• [INSTRUCTIONS TO FOLLOW] Write out the lines below once more, exactly as they appear. Do not include pictures.

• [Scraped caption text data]
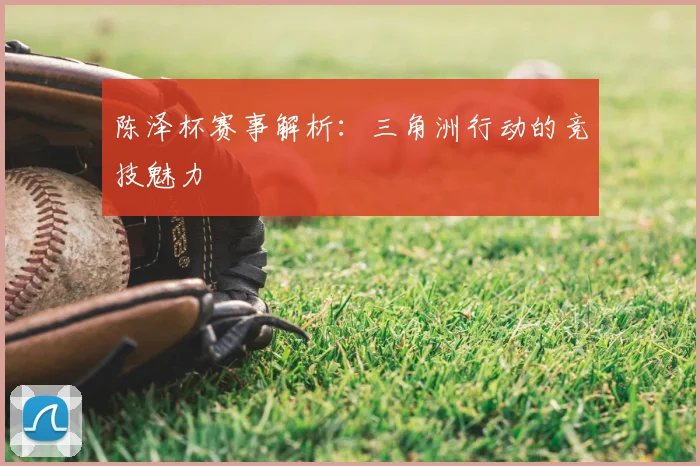 陈泽杯赛事解析：三角洲行动的竞技魅力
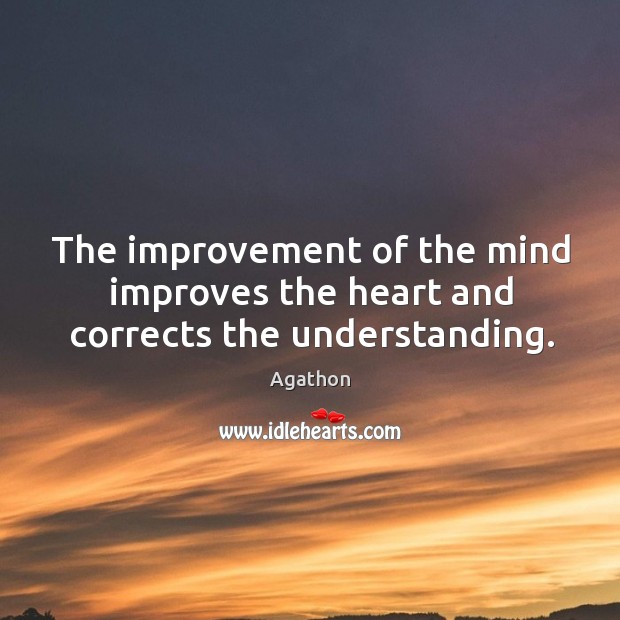 The improvement of the mind improves the heart and corrects the understanding. Agathon Picture Quote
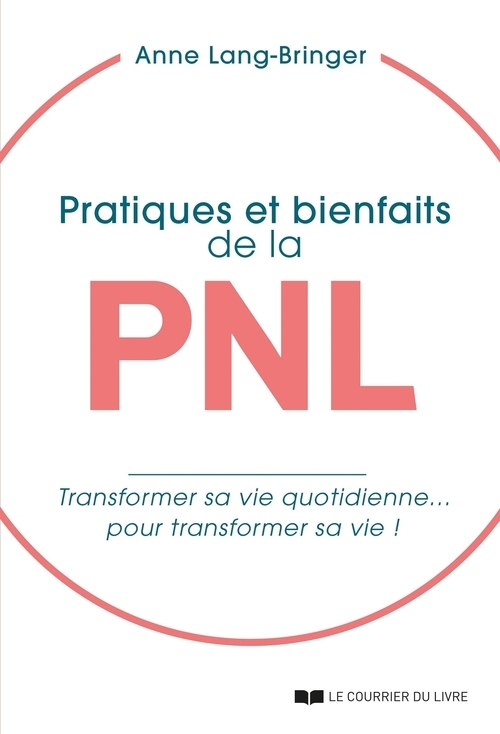 ebook cover of Pratiques et bienfaits de la PNL - Transformer sa vie quotidienne... pour transformer sa vie !, by Anne Lang-Bringer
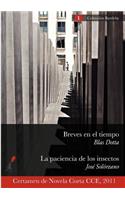 Breves En El Tiempo / La Paciencia de Los Insectos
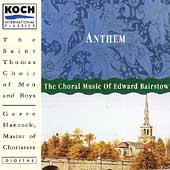 Anthem - The Choral Music of Edward Bairstow / Gerre Hancock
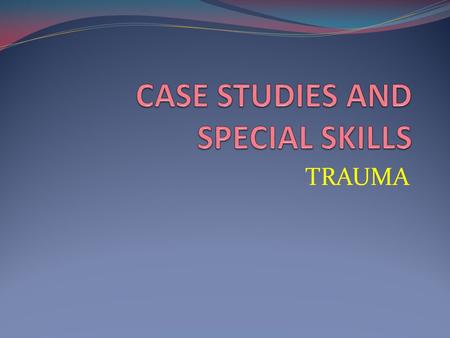 CASE STUDIES AND SPECIAL SKILLS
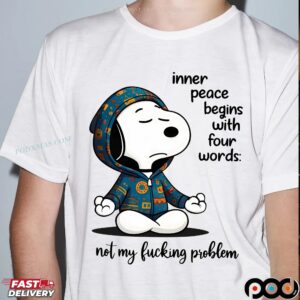 Snoopy The Peanuts Inner Peace Begins With Four Words not My Fucking Problem Meme T Shirt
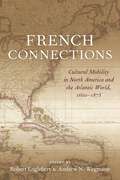 French Connections: Cultural Mobility in North America and the Atlantic World, 1600–1875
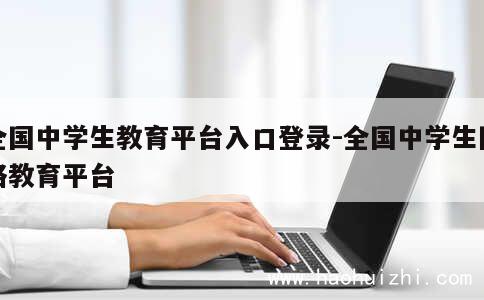 全国中学生教育平台入口登录-全国中学生网络教育平台 第1张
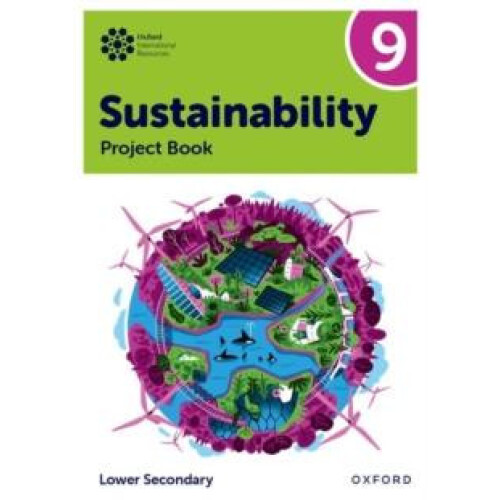 Oxford International Sustainability Project Book 9 Lower Secondary by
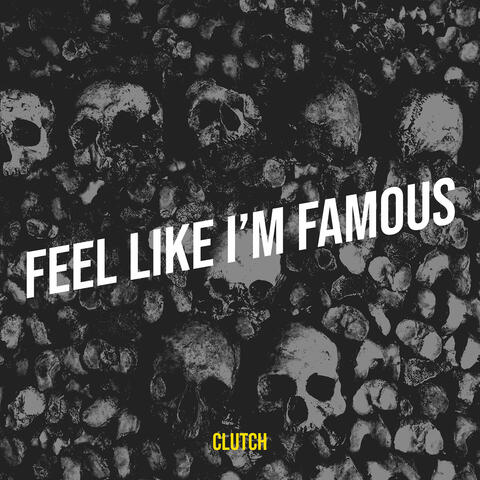 Feel Like I’m Famous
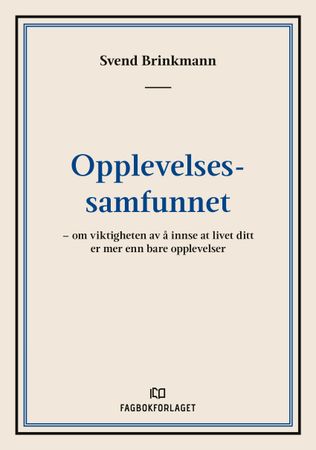 Opplevelsessamfunnet 9788245049947 Svend Brinkmann Brukte bøker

• [SOLVED EXERCISE]
 陈泽杯赛事解析：三角洲行动的竞技魅力
 The improvement of the mind improves the heart and corrects the understanding. Agathon Picture Quote
 ebook cover of Pratiques et bienfaits de la PNL - Transformer sa vie quotidienne... pour transformer sa vie !, by Anne Lang-Bringer
 Breves En El Tiempo / La Paciencia de Los Insectos
 Anthem - The Choral Music of Edward Bairstow / Gerre Hancock
 CASE STUDIES AND SPECIAL SKILLS
 Snoopy The Peanuts Inner Peace Begins With Four Words not My Fucking Problem Meme T Shirt
 French Connections: Cultural Mobility in North America and the Atlantic World, 1600–1875
 全国中学生教育平台入口登录-全国中学生网络教育平台 第1张
 Oxford International Sustainability Project Book 9 Lower Secondary by
 Feel Like I’m Famous
 Opplevelsessamfunnet 9788245049947 Svend Brinkmann Brukte bøker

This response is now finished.